The Pros and Cons of Fixing Flight Delays
N E W Y O R K, Feb. 12 -- You cannot fit a gallon of milk into a quart-sized jar — at best, you'll spill a lot of milk — but that kind of forced delivery seems to be what the aviation industry is trying these days.
The air traffic system is bursting at the seams, with record numbers of passengers and flights clogging U.S. airports, creating bottlenecks on runways and in the air.
The Federal Aviation Administration acknowledges more than 450,000 flight delays last year — a 20 percent jump over 1999 — and attributes about a fifth of those to runway congestion, equipment problems or traffic volume. And officials admit those figures are an underestimate, since they depend on highly specific definitions of "delay," and don't necessarily measure all the holdups experienced by passengers.
But flight delays are a little like the weather — everybody talks about it, but nobody seems to do anything about it.
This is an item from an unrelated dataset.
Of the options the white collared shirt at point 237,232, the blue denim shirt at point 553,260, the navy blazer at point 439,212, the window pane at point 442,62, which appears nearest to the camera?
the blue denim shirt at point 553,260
And in spite of the growing problem and growing outcry from travelers, that's not likely to change soon.
It's not that people aren't trying. Various technologies are being developed to make flying and air traffic control more efficient, including using the global positioning satellite system. There's talk of softening air traffic control rules, building more airports and runways, and of better managing the pace of flights.
But few options are actually on the table that would dramatically reduce the number of delays, in the short or the long term. And there is disagreement over how well each option would work, if at all, or if it would actually make the current situation worse.
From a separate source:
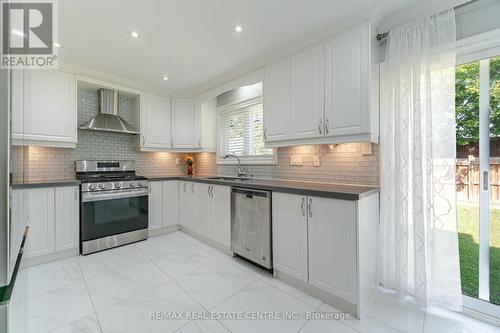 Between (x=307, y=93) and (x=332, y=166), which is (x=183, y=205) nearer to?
(x=332, y=166)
Not Enough Runways? Build Some More!
How did we get here? Deregulation of the airlines in 1978 was intended to broaden air service and make it more affordable. It succeeded all too well. The number of flights has nearly doubled, the number of passengers flown annually has risen from just over 250 million in 1978 to approximately 600 million in 1999. Access by customers at smaller airports has increased, while fares have fallen.
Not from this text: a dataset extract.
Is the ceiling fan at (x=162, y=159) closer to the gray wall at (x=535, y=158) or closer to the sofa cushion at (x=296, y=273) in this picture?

Unfortunately, airport infrastructure has not kept pace. Only two new airports — Denver International and Northwest Arkansas Regional Airport — have been built. And during the last 10 years, only six new runways have been added at large hub airports.
Experts say more airports and runways are the surest ways to improve the situation, and airport executives are clamoring for them. Virginia Buckingham, executive director of the Massachusetts Port Authority, which runs Boston's Logan International Airport, is part of a coalition of airport administrators lobbying for expedited construction of new runways.
"The construction of runways needs to be a national priority just like the infrastructure priorities of past centuries — the transcontinental railroad, the interstate highway system, all were driven from the federal government as a national priority overcoming significant local political obstacles," she said.
John Mazor of the Air Line Pilots Association also thinks runways are the practical answer: "Every one of those airplanes that's up in the sky had to have an airport and piece of concrete to take off from and he's got to have another airport and another piece of concrete to land on," he said. "So the airplanes funnel out of the airports into the sky and then they funnel back into the airports. We just cannot get around the fact that we must build airports and runways at a much greater rate than we have over the past two or three decades."